GIVEN ENTRIES:
========================================

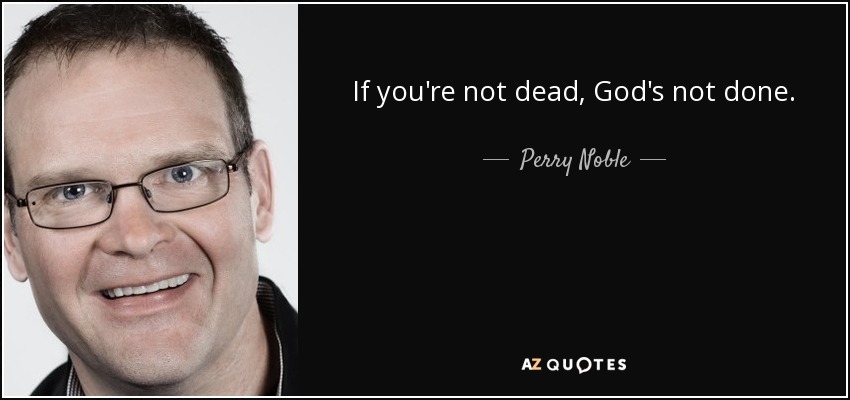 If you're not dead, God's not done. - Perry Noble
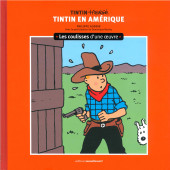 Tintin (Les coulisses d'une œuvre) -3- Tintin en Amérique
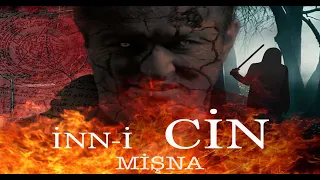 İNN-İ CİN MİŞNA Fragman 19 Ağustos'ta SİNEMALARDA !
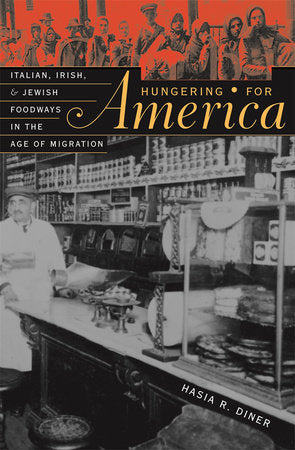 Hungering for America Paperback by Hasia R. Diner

========================================

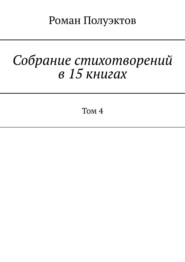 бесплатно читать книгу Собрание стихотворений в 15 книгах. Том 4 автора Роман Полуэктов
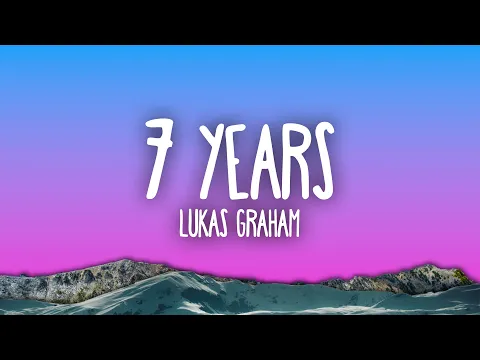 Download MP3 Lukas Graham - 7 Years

========================================

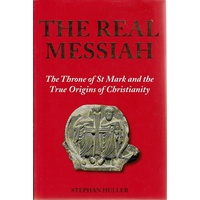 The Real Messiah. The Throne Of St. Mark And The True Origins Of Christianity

========================================

YOUR ASSIGNMENT: All that is wanted is the lines above between the one containing "If you're not" and the one containing "Hungering for America", inclusive, restated word for word, with pictures omitted.

TASK ANSWER:
 If you're not dead, God's not done. - Perry Noble
 Tintin (Les coulisses d'une œuvre) -3- Tintin en Amérique
 İNN-İ CİN MİŞNA Fragman 19 Ağustos'ta SİNEMALARDA !
 Hungering for America Paperback by Hasia R. Diner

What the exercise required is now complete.